Provided data:
━━━━━━━━
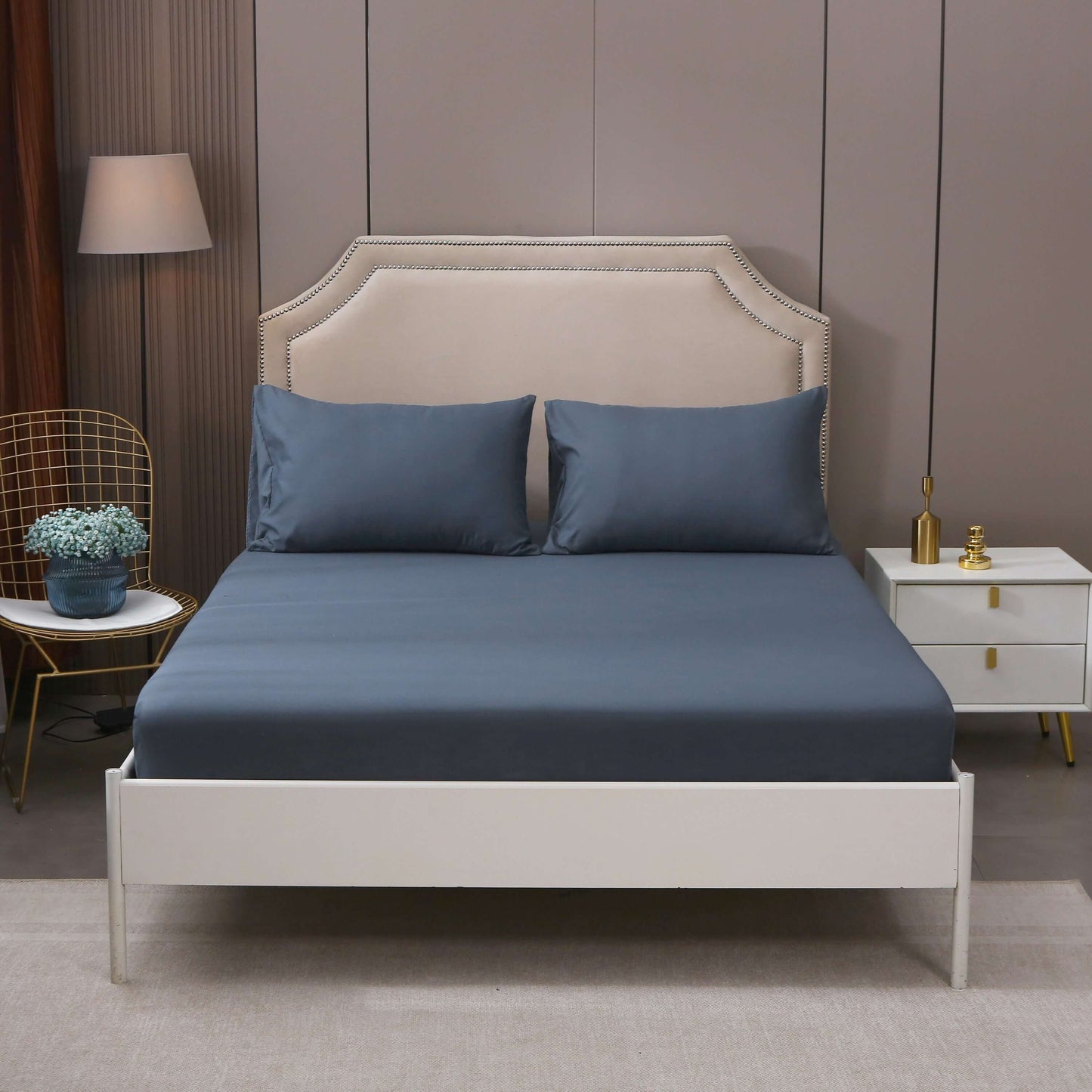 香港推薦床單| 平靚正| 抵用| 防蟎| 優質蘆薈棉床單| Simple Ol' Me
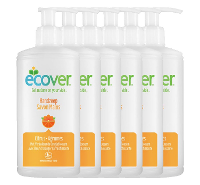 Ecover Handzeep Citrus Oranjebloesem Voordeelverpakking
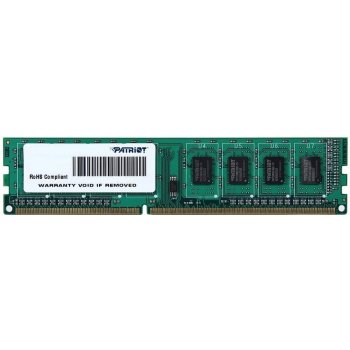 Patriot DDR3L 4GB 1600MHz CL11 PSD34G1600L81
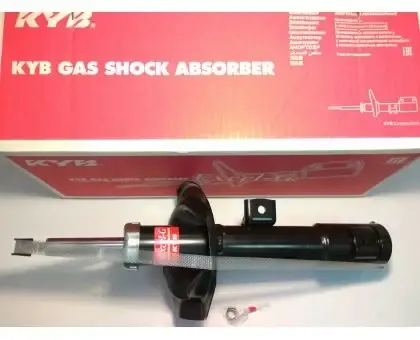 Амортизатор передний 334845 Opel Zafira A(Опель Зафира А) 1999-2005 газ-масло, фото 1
━━━━━━━━
Task item:
In the copy, include exactly the lines from the one with "Patriot DDR3L 4GB 1600MHz CL11 PSD34G1600L81" through the final line of the data, both ends included, and no pictures.

Solution to this problem:
 Patriot DDR3L 4GB 1600MHz CL11 PSD34G1600L81
 Амортизатор передний 334845 Opel Zafira A(Опель Зафира А) 1999-2005 газ-масло, фото 1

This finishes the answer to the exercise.